▽

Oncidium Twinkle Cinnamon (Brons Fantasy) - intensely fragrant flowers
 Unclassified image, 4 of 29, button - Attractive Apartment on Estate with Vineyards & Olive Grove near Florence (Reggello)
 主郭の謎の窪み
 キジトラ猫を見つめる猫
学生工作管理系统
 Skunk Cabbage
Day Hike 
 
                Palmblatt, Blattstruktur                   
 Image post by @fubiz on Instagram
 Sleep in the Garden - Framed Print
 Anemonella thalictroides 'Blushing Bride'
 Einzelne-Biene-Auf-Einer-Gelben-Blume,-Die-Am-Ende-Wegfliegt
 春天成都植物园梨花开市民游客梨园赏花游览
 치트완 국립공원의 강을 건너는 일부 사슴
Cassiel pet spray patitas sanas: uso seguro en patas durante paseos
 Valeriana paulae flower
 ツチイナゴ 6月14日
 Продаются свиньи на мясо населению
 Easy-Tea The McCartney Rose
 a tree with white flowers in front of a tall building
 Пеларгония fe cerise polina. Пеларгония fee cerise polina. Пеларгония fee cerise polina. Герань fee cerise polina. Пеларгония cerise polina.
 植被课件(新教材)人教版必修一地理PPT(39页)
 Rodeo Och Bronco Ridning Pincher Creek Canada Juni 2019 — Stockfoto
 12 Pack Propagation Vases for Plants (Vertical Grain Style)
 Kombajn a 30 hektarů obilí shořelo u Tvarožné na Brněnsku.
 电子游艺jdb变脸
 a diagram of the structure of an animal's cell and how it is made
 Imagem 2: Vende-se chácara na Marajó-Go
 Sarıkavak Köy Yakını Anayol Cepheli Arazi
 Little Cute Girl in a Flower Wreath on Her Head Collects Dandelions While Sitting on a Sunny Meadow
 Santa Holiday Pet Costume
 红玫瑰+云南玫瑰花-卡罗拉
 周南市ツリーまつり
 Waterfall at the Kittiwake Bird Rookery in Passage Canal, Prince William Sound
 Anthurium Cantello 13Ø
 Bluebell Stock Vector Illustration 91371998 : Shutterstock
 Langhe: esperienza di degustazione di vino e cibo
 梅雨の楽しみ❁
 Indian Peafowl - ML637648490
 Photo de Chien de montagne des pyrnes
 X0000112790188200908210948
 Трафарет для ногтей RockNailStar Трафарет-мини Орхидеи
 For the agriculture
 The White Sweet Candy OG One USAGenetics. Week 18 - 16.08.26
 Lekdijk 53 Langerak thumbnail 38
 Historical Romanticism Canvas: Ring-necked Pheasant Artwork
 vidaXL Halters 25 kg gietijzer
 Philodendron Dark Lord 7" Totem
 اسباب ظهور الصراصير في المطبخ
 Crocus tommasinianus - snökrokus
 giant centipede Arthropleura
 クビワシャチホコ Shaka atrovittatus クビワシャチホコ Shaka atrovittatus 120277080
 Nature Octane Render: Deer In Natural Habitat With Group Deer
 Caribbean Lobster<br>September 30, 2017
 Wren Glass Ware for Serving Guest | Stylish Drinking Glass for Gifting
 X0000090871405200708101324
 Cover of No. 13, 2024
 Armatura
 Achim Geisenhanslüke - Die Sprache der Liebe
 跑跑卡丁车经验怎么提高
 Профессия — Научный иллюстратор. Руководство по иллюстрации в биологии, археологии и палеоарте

△

* **Your task**
Search the records for the string "flowers" and report each line that has it.

* **Written solution**
Oncidium Twinkle Cinnamon (Brons Fantasy) - intensely fragrant flowers
 a tree with white flowers in front of a tall building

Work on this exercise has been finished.